Problem statement:
Copy down the listing below exactly. Do not include pictures.

Data in this exercise:
# # # # # # #

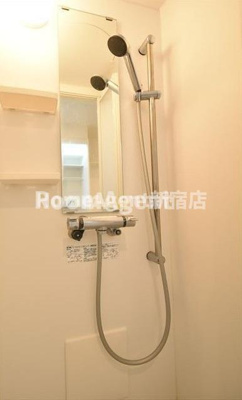 【シャワールーム】 | インペリアル・スイート | 同仕様写真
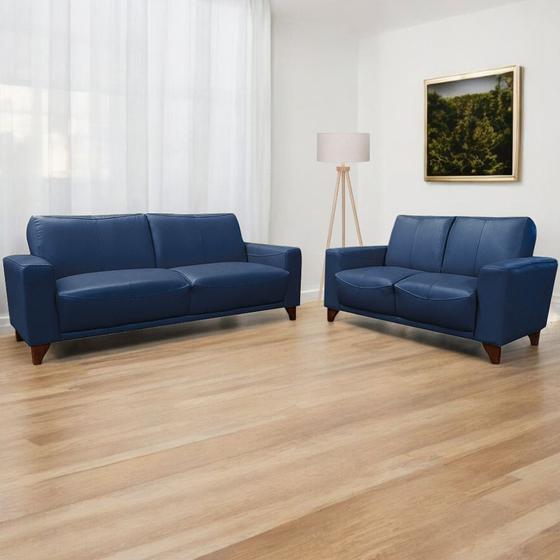 Imagem de Conjunto de Sofás Decorativos 2 e 3 Lugares Emily Sala de Estar Pés em Eucalipto Couro Azul Marinho Brilho G40 - Gran Belo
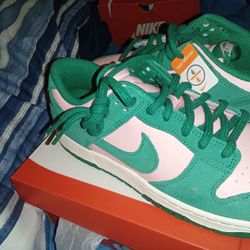 Nike Dunks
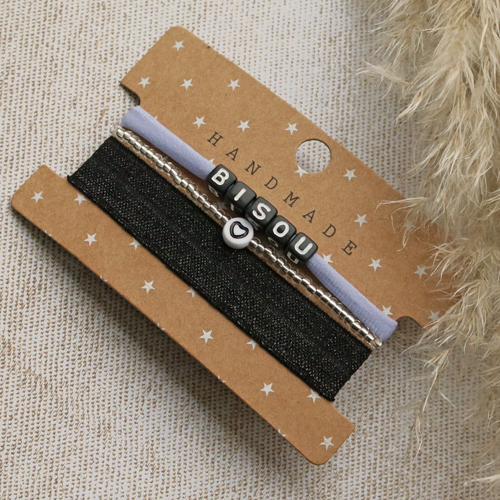 Ecco come realizzare i braccialetti pi&ugrave; belli con il nastro elastico cucito:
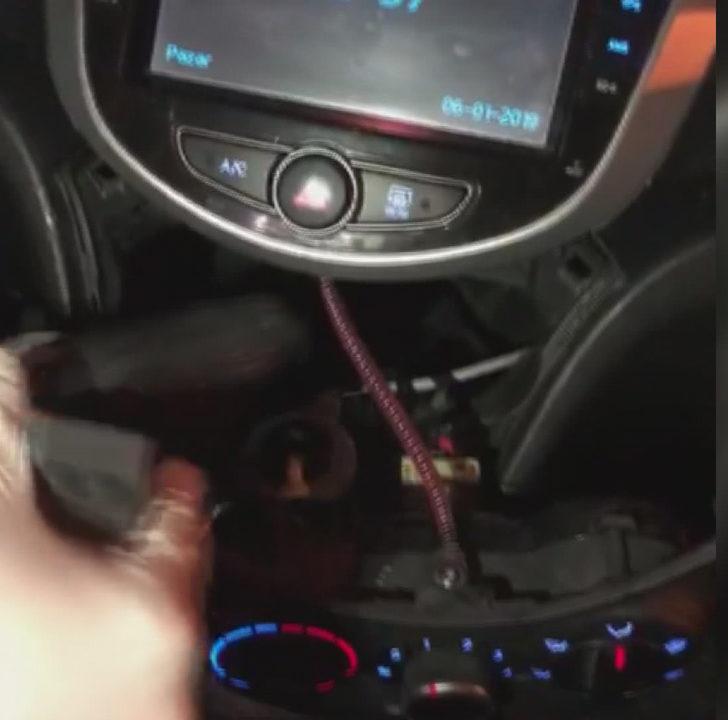 Taksideki düzenek polisleri bile şaşırttı! G3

# # # # # # #

Task output:
 【シャワールーム】 | インペリアル・スイート | 同仕様写真
 Imagem de Conjunto de Sofás Decorativos 2 e 3 Lugares Emily Sala de Estar Pés em Eucalipto Couro Azul Marinho Brilho G40 - Gran Belo
 Nike Dunks
 Ecco come realizzare i braccialetti pi&ugrave; belli con il nastro elastico cucito:
 Taksideki düzenek polisleri bile şaşırttı! G3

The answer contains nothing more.